EyesEstimation::EyeAttributes presents eye state as enum EyeState with possible values: Open, Closed, Occluded.

Iris landmarks are presented with a template structure Landmarks that is specialized for 32 points.

Eyelid landmarks are presented with a template structure Landmarks that is specialized for 6 points.

Head pose estimation#

This estimator is designed to determine camera-space head pose. Since 3D head translation is hard to determine reliably without camera-specific calibration, only 3D rotation component is estimated.

There are two head pose estimation method available:

Estimate by 68 face-aligned landmarks (you may get it from Detector facility, see Chapter "Detection facility") ;
Estimate by original input image in RGB format.

Estimation by image is more precise. If you have already extracted 68 landmarks for another facilities you may save time, and use fast estimator from 68 landmarks.

By default, all methods are available to use in config (faceengine.conf) in section "HeadPoseEstimator". You may disable these methods to decrease RAM usage and initialization time.

Estimation characteristics:

Units (degrees);
Notation (Euler angles);
Precision (see the table below).

Note. Prediction precision decreases as a rotation angle increases. We present typical average errors for different angle ranges in the table below.

"Head pose prediction precision"

	Range	-45°...+45°	< -45° or > +45°
Average prediction error (per axis)	Yaw	±2.7°	±4.6°
Average prediction error (per axis)	Pitch	±3.0°	±4.8°
Average prediction error (per axis)	Roll	±3.0°	±4.6°

Zero position corresponds to a face placed orthogonally to camera direction, with the axis of symmetry parallel to the vertical camera axis. See the image below for a reference.

Note. In order to work, this estimator requires precise 68-point face alignment results, so familiarize with section "Face alignment" in the "Detection facility" chapter as well.

Approximate Garbage Score Estimation (AGS)#

This estimator aims to determine the source image score for further descriptor extraction and matching. The higher the score, the better matching result is received for the image.

When you have several images of a person, it is better to save the image with the highest AGS score.

Consult VisionLabs about the recommended threshold value for this parameter.

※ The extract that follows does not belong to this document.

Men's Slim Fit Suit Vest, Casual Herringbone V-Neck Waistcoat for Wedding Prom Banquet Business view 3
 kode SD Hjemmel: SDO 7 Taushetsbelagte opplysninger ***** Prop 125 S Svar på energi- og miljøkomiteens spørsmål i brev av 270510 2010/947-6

The estimator (see IAGSEstimator in IEstimator.h):

Implements the estimate() function that accepts source image in R8G8B8 format and fsdk::Detection structure of corresponding source image (see section "Detection structure" in chapter "Detection facility");
Estimates garbage score of input image;
Outputs garbage score value.

BestShotQuality Estimation#

The BestShotQuality estimator represents a collection of estimator functionalities unified for end-user convenience.

Estimation types that were merged into this estimator are described in the following list:

AGS: image quality score (see section "Approximate garbage score estimation (AGS)" for more details);
HeadPose: determines person head rotation angles in 3D space, namely pitch, yaw and roll (see section Head pose estimation for more details).

Before using this estimator, user is free to decide whether to estimate or not some specific attributes listed above through IBestShotQualityEstimator::EstimationRequests structure, which later get passed in main estimate() method.

Estimator overrides AQEEstimationResults output structure, which consists of optional fields describing results of user requested attributes.